«Il dolore degli animali e la nostra umanità»: l'editoriale di Silvia Grilli
Il cibo non è solo cibo: è memoria, è famiglia, è guerra, è dolore. È, ovviamente, amore. Noi siamo fatti di storie. Anche il cibo lo è: è il sapore della nostra infanzia, è il mestiere che facciamo per portarlo a casa, sono i conflitti che scatena, è il lavoro regolare o irregolare che lo produce. È associato a un innamoramento o a una delusione, è legato al desiderio che la nostra famiglia e i nostri amici siano felici. È il primo bisogno di un bambino quando nasce.

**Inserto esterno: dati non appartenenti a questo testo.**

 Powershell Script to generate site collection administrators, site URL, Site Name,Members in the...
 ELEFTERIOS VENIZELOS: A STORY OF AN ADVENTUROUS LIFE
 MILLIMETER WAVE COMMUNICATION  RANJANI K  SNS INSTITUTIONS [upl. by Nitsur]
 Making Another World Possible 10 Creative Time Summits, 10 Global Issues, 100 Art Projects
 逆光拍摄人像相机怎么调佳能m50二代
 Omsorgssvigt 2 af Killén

Eppure non sappiamo quasi nulla della provenienza di ciò che mangiamo. Conosciamo poco degli allevamenti intensivi da dove esce la carne che portiamo in tavola. Scegliamo di chiudere gli occhi su come gli animali vengano gonfiati di antibiotici, mutilati, costretti a vivere in poco spazio per bruciare meno calorie e ingrassare prima. Preferiamo ignorare che esseri con emozioni vengano privati di qualsiasi stimolo, impazziscano per la reclusione, muoiano prima per stress da riproduzione. Decidiamo di non guardare i video che rivelano il sadismo degli uomini nelle fabbriche della morte: animali picchiati, stuprati con i bastoni, sbattuti a terra, pungolati con scosse elettriche. I piccoli che non riescono a crescere buttati come scarti.

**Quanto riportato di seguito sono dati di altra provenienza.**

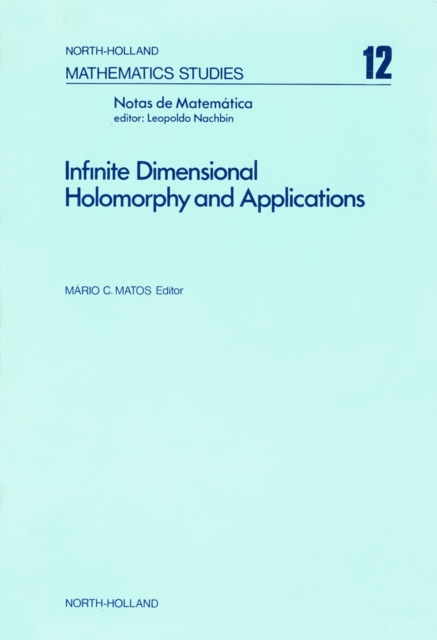 Infinite Dimensional Holomorphy and Applications, PDF eBook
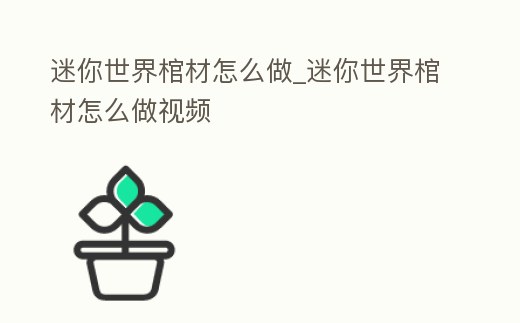 迷你世界棺材怎么做_迷你世界棺材怎么做視頻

Un grattacielo di 26 piani è stato costruito in Cina per produrre centinaia di migliaia di maiali pronti al consumo: 20 mila per ogni piano, 1,2 milioni macellati ogni anno. Animali che là nasceranno, preparati per morire senza mai vedere un filo d’erba. Velocemente li caricheranno su ascensori, capaci di trasportare tonnellate, che li trasferiranno su camion diretti al macello. E un edificio gemello sarà costruito presto. Nel video di promozione di questa fabbrica della morte vengono mostrati due maiali allegri e sorridenti che fanno l’occhiolino: è l’ingentilimento disneyano della crudeltà. L’entusiasmo dei resoconti televisivi lo descrive come l’allevamento più grande del mondo, un posto perfettamente sostenibile, con emissioni di metano controllate, dove anche il letame viene trasformato in energia pulita. Non ci credo. Ogni allevamento intensivo ha un impatto ambientale devastante. E non c’è sostenibilità in questo scempio di animali. Non può essere questa la corretta attenzione per il nostro Pianeta.

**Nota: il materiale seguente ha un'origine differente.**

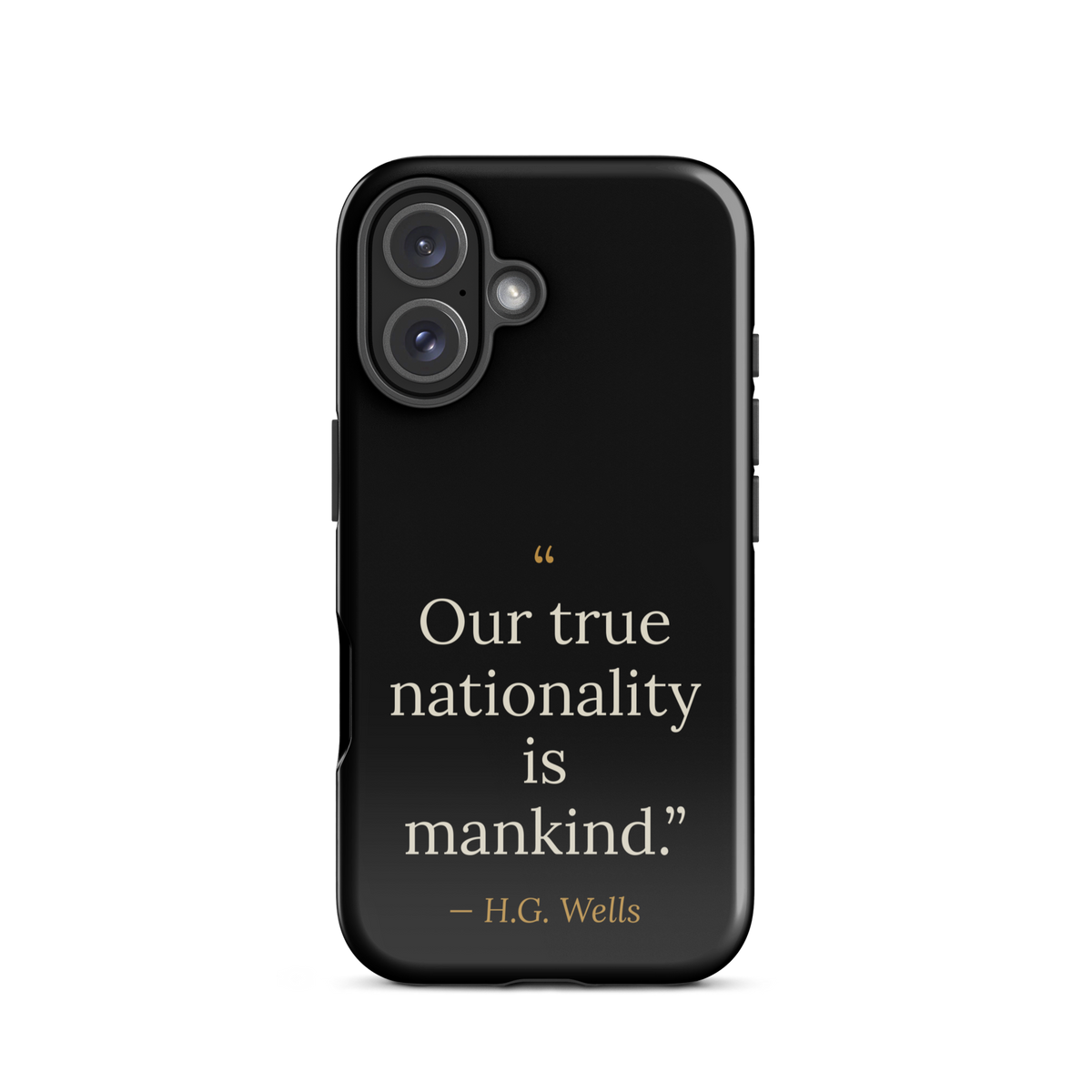 We Are Mankind Phone Case — H.G. Wells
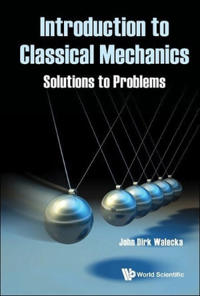 Bokomslag for "Introduction To Classical Mechanics: Solutions To Problems"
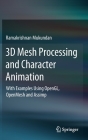 3D Mesh Processing and Character Animation: With Examples Using Opengl, Openmesh and Assimp By Ramakrishnan Mukundan Cover Image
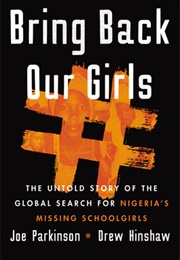 Bring Back Our Girls: The Search for Nigeria's Missing Schoolgirls and Their Astonishing Survival (Drew Hinshaw, Joe Parkinson)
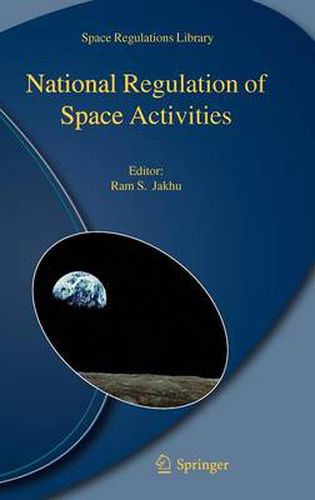 Cover image for National Regulation of Space Activities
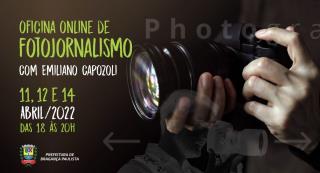 08.04.2022 Prefeitura convida população para oficina online de Fotojornalismo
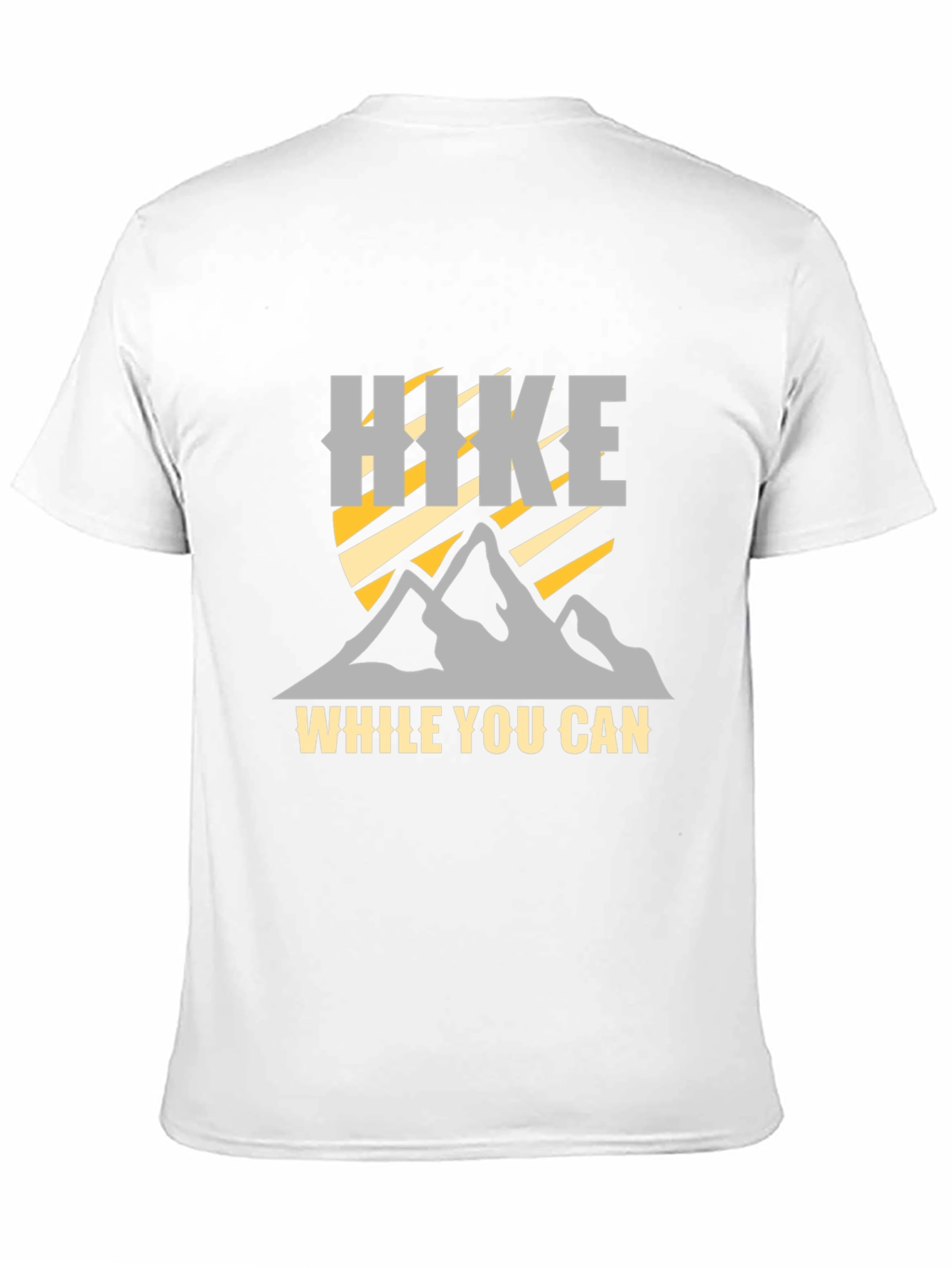 Hike While You Can Graphic T-Shirt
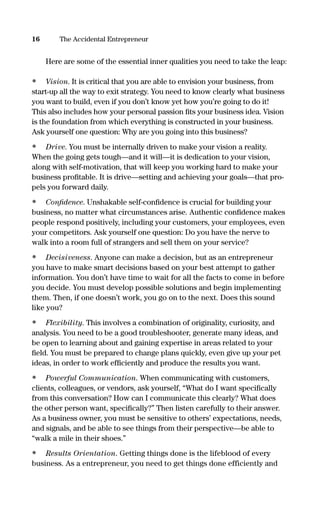 Here are some of the essential inner qualities you need to take the leap:
• Vision. It is critical that you are able to envision your business, from
start-up all the way to exit strategy. You need to know clearly what business
you want to build, even if you don’t know yet how you’re going to do it!
This also includes how your personal passion ﬁts your business idea. Vision
is the foundation from which everything is constructed in your business.
Ask yourself one question: Why are you going into this business?
• Drive. You must be internally driven to make your vision a reality.
When the going gets tough—and it will—it is dedication to your vision,
along with self-motivation, that will keep you working hard to make your
business proﬁtable. It is drive—setting and achieving your goals—that pro-
pels you forward daily.
• Conﬁdence. Unshakable self-conﬁdence is crucial for building your
business, no matter what circumstances arise. Authentic conﬁdence makes
people respond positively, including your customers, your employees, even
your competitors. Ask yourself one question: Do you have the nerve to
walk into a room full of strangers and sell them on your service?
• Decisiveness. Anyone can make a decision, but as an entrepreneur
you have to make smart decisions based on your best attempt to gather
information. You don’t have time to wait for all the facts to come in before
you decide. You must develop possible solutions and begin implementing
them. Then, if one doesn’t work, you go on to the next. Does this sound
like you?
• Flexibility. This involves a combination of originality, curiosity, and
analysis. You need to be a good troubleshooter, generate many ideas, and
be open to learning about and gaining expertise in areas related to your
ﬁeld. You must be prepared to change plans quickly, even give up your pet
ideas, in order to work efﬁciently and produce the results you want.
• Powerful Communication. When communicating with customers,
clients, colleagues, or vendors, ask yourself, “What do I want speciﬁcally
from this conversation? How can I communicate this clearly? What does
the other person want, speciﬁcally?” Then listen carefully to their answer.
As a business owner, you must be sensitive to others’ expectations, needs,
and signals, and be able to see things from their perspective—be able to
“walk a mile in their shoes.”
• Results Orientation. Getting things done is the lifeblood of every
business. As a entrepreneur, you need to get things done efficiently and
16 The Accidental Entrepreneur
16817-AccidentalEntrepreneur 3/3/08 9:18 AM Page 16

Non angoscia solo la morte a cui questi maiali sono destinati. Atterrisce l’inumanità degli esseri viventi. Conta profondamente la vita che creiamo per le creature inermi in nostro potere. I nostri comportamenti, mentre nessuno ci costringe ad agire in un modo o in un altro, sono la vera prova della nostra solidarietà. Il cibo è gratitudine. Restituiamola anche noi.